Jackson & His Computer Band - 'Smash' (Warp)
4/5
By: Thomas Hannan
Wake up and smell the digitally enhanced coffee, all you analogue loyalists - electronics have been central to the making of music for aeons. Somewhere along the line, you have to plug something in to something else, and turn it on. So why continue the prejudice? It's small minded, basically. We think more of you than that. Here's a little something that might interest you.
It's not only the Amish who will have problems with someone openly admitting that their band, well, doesn't actually exist. Gorillaz get away with it through the medium of those cute little cartoon types, but explicitly stating that your band only exists amidst the circuitry of some piece of technology will make many more of us be inclined to believe that this is just some bloke messing around in a bedroom. It probably is just that, but that's perhaps what makes it sound so playful and carefree. Bedrooms have been the start of great things, including most people you and I know. Don't dwell on that.
On close examination, 'Smash' isn't a particularly easy record to get along with. It's intricate, lengthy and rambling. Maybe the world's not ready. Or conversely, maybe it's just what it needs. It's the kind of thing that restores your faith in human nature, the fact that genuinely good records really do seem to get the recognition they deserve even if they are a little peculiar. Not only do we cope with the bleeps of 'Kid A' or unstructured noise experiments littering 'The White Album', we applaud them even louder for their daring nature. So is it something to do with the current climate that means this probably won't thrive?
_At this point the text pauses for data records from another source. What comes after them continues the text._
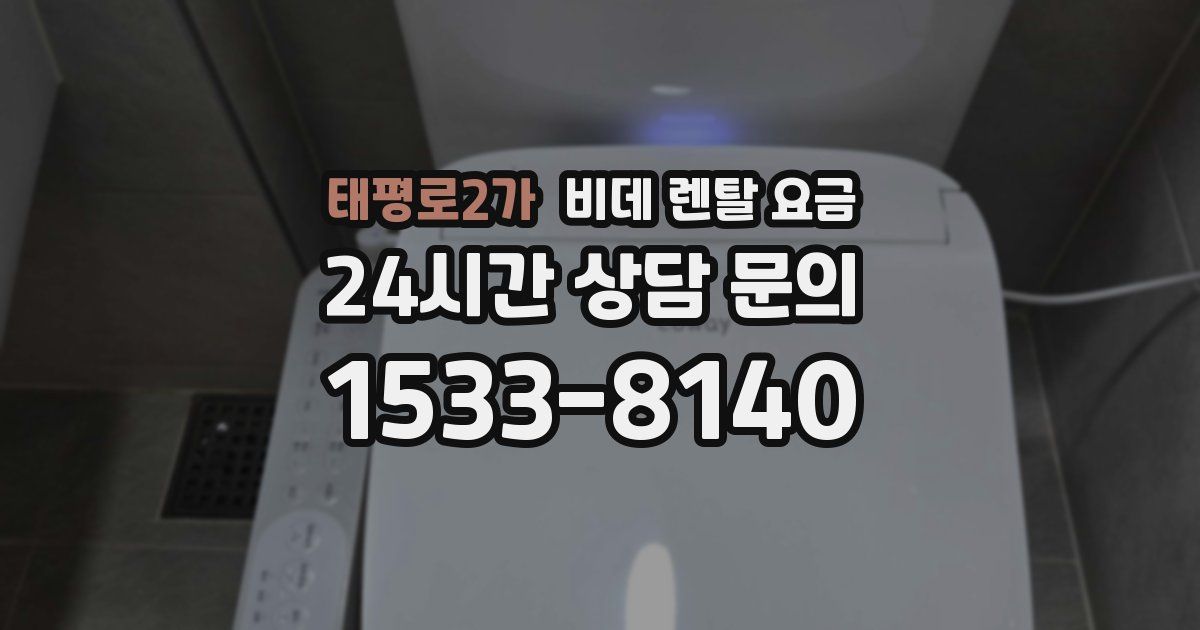 태평로2가 비데 렌탈 요금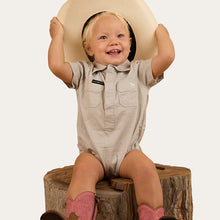 Load image into Gallery viewer, Ringers Western Babies Short Sleeve Work Shirt Romper
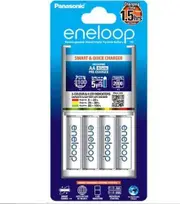Panasonic 4 AA/AAA Smart Quick Battery Charger Life Checker 4 AA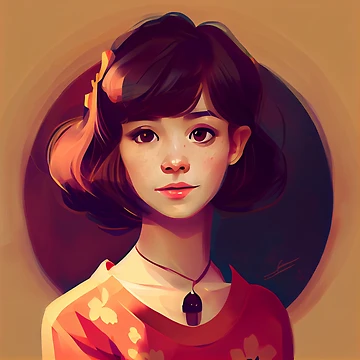 Vorschaubild zum Design Flat Cartoon of Young Female Character Digital Painting von CodeAndColors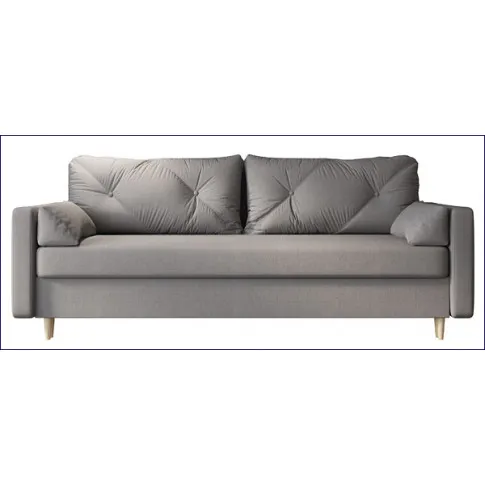 Popielata sofa rozkładana Petra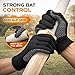 Cricket Batting Gloves, PVC Dotted, Black, Soft Ball Recommended, 1 Pair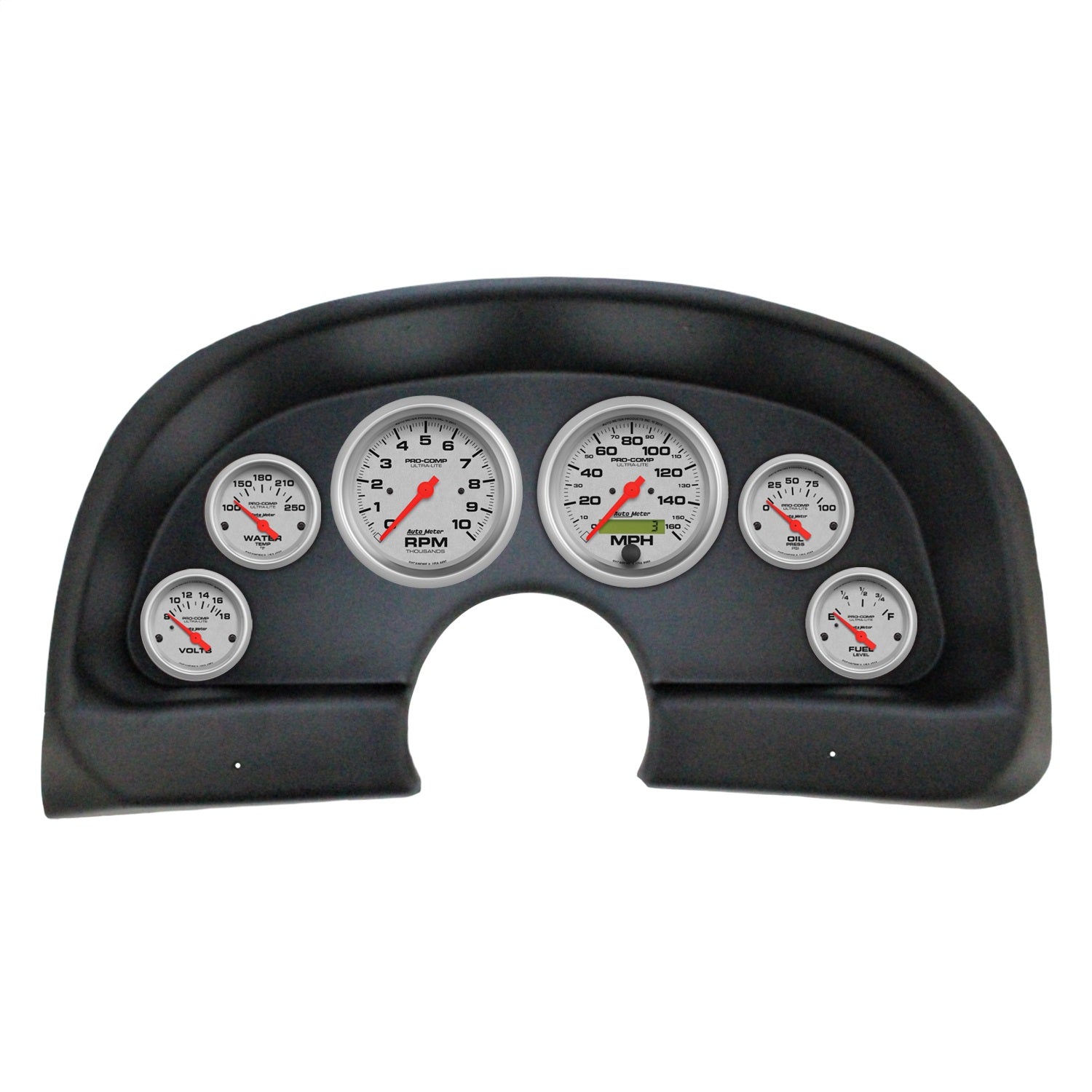 6 GAUGE DIRECT-FIT DASH KIT, CHEVY CAMARO 93-02, ULTRA-LITE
If so, a climate needs creating, one where this can at least have a chance to be respected beyond the underground. It seems to fulfil all the requirements for something to be hugely popular, just in a slightly skewed style. When it's the sole focus of your attention it has a tendency to come across as a mess, but slipping out of analytical mode and relaxing in your own idiocy towards the genre at hand, you find it's possible to enjoy this incredibly complicated music in a very simple way. Think deeply about it if you want, there's enough to keep you from twiddling your thumbs. But what's clever is that you lose none the pleasure by just letting it do its thing, and paying it little more attention than the tap of a foot.
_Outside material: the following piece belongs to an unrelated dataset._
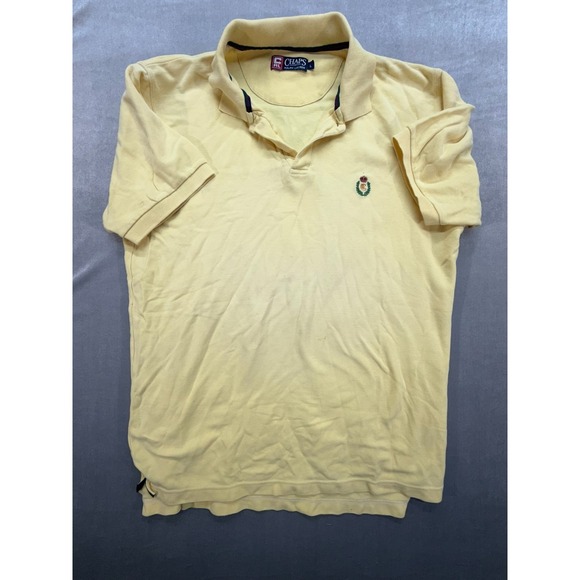 Chaps Other - Chaps Ralph Lauren Yellow Polo Shirt Logo Size Large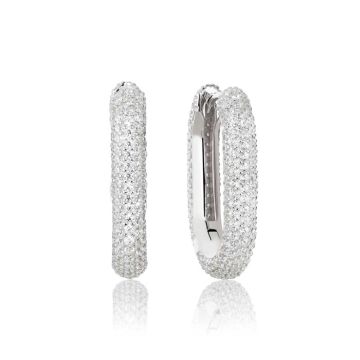Sif Jakobs Capri Medio øreringe i sølv med hvide cubic zirkoner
Generously, the quirky electronic fumbles and interwoven beat patters are interspersed with genuinely catchy moments, the opening duo of the heady 'Utopia' and almost-but-not-quite pumping of 'Rock On' are as accessible and probably as uncomplicatedly enjoyable as this gets, but they certainly lure you in. Start with the child-read monologue of 'Oh Boy' and it'd be tougher to allow yourself to let go, but since we're already in shoulder deep, you might as well dive further. When in Rome, and all that...
The trick of interspersing the nuttiness with something most customarily pleasant continues ablaze, 'TV Dogs (Cathodica's Letter)' occasionally aping Daft Punk at their most bass obsessed, 'Teen Beat Ocean' is wonderful nodding music, and 'Tropical Metal' makes you wonder how a title can be pretty nonsensical and yet somehow apply brilliantly to the sound that's being made. Vibrant. A little tinny. There's a song called 'Hard Tits' on it too, which is pretty funny, no?
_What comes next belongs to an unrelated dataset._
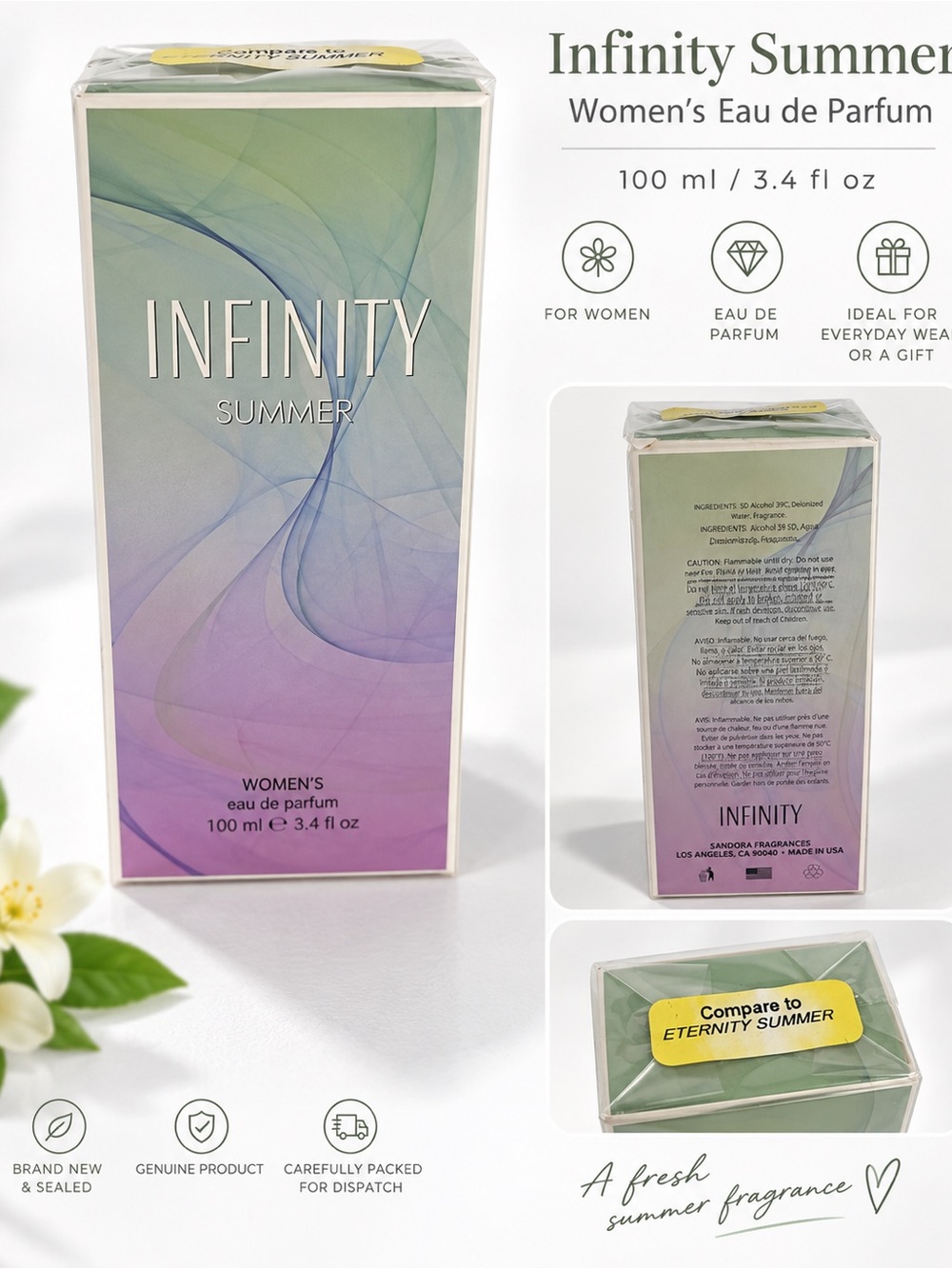 NFINITY Gradient Green to Purple Decorative Box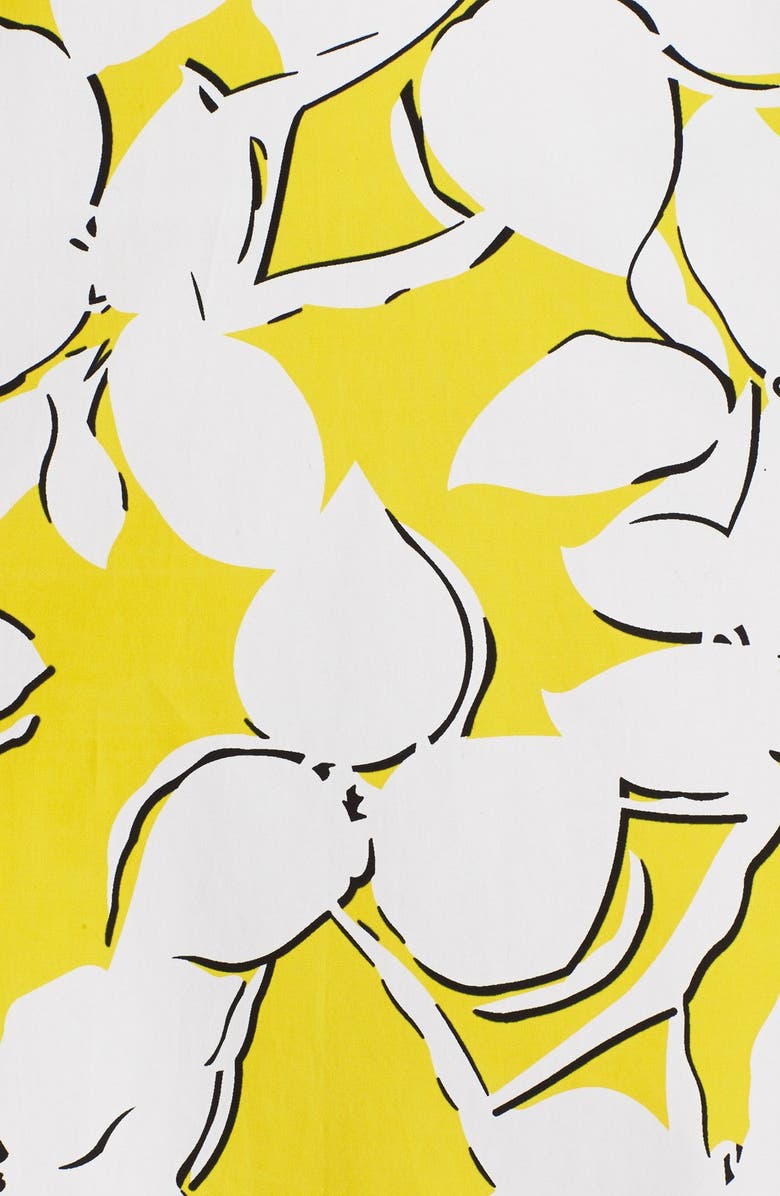 Diane von Furstenberg 'Samantha' Floral Print Shift Dress, Alternate, color,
Eventually, it lets go of the need to keep the listener entertained, assuming if they've come this far they're in for the long haul, and the last third of the record does become very much like one long, exploratory passage, where melody does not exist and nothing is as it seems. Computer bands seem to have their advantages. There are no creative boundaries, you're always in tune, no inter-band squabbles, no chance of ever breaking up over musical differences. Put some wanted ads up on internet message boards, see if any lonely PCs reply. If 'Smash' is anything to go by, it could be the start of something majestic.